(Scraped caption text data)
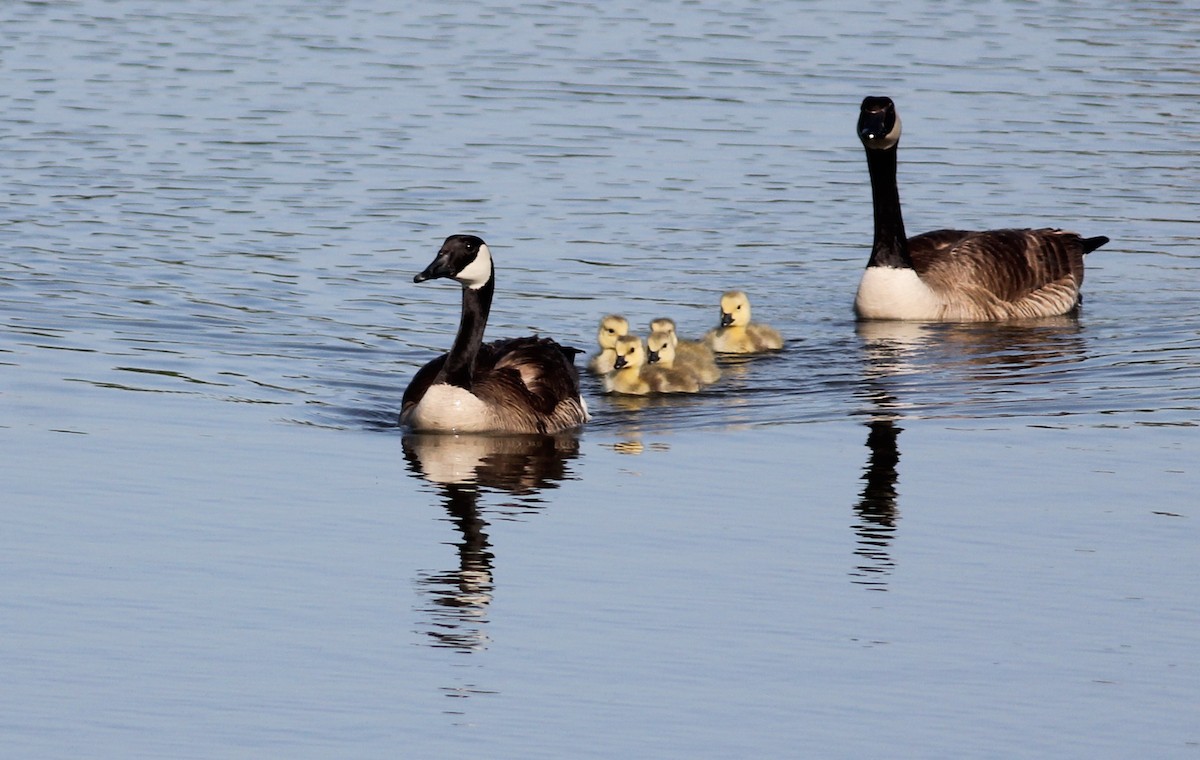 Canada Goose - ML48566031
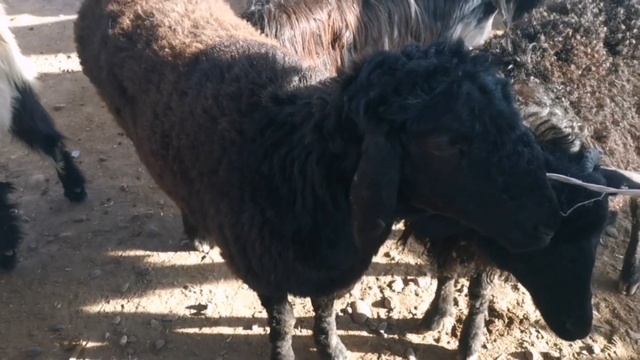 Молбозори Вахш Нархои ФАКАТ БУЗИ ОЧАБАЧА ГУСПАНДИ ОЧАБАЧА БЕХТАРИН НАРХО / 17 02 2021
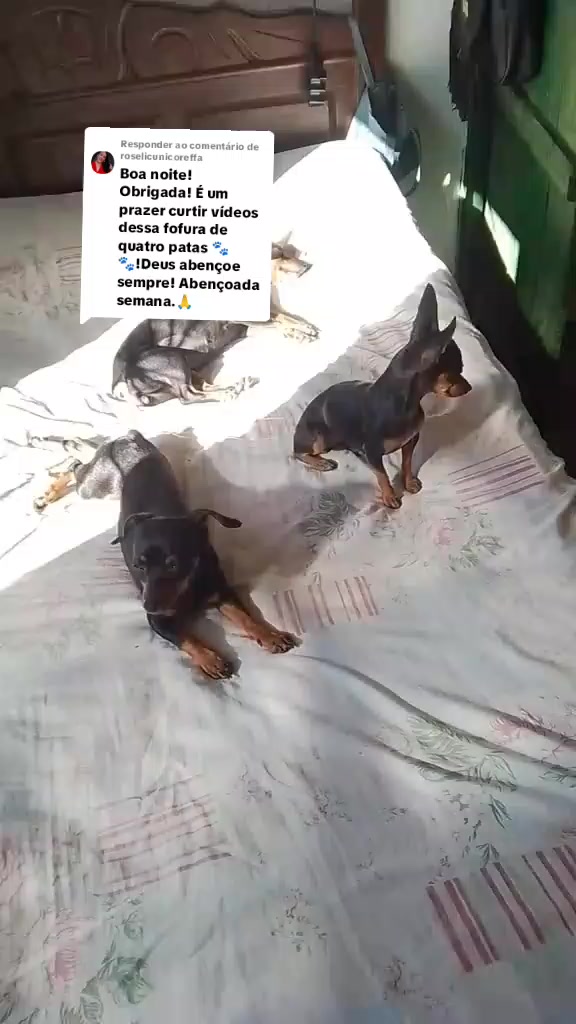 @🩷Tet&ecirc; e suas pinschers🩷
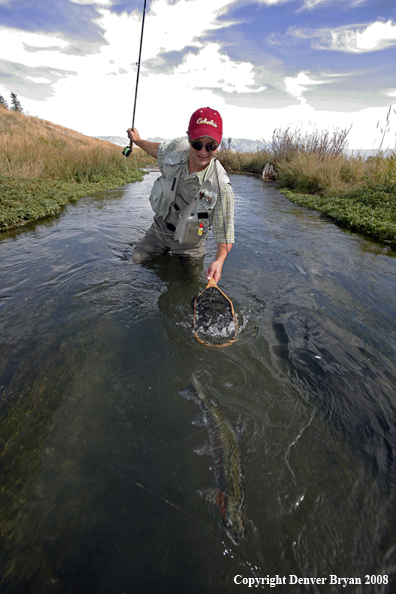 Flyfisherman landing Rainbow Trout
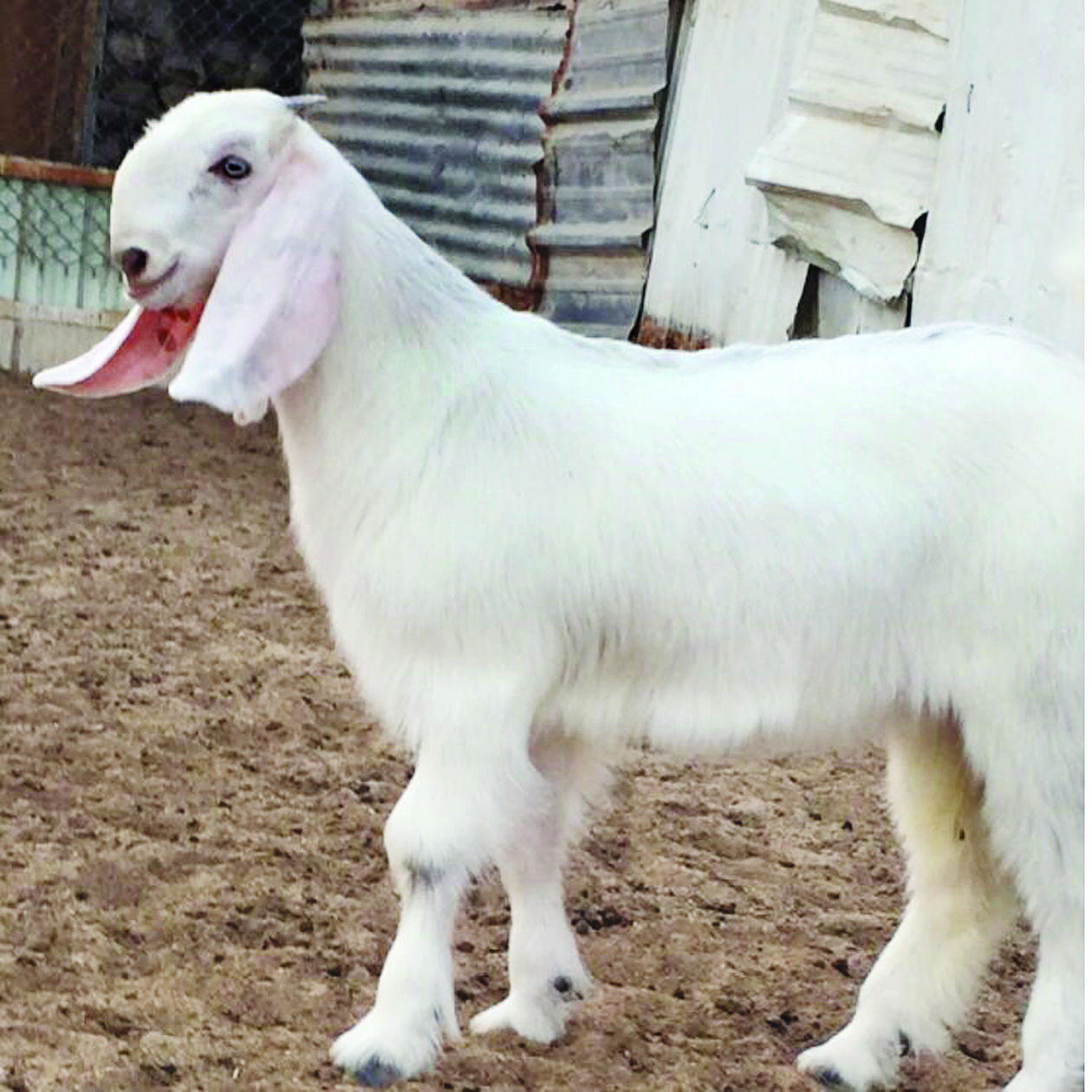 حمل صغير يهيأ لمسابقات المزايين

Problem details -
What you return must match the data above exactly, with no images included.

Task result -
 Canada Goose - ML48566031
 Молбозори Вахш Нархои ФАКАТ БУЗИ ОЧАБАЧА ГУСПАНДИ ОЧАБАЧА БЕХТАРИН НАРХО / 17 02 2021
 @🩷Tet&ecirc; e suas pinschers🩷
 Flyfisherman landing Rainbow Trout
 حمل صغير يهيأ لمسابقات المزايين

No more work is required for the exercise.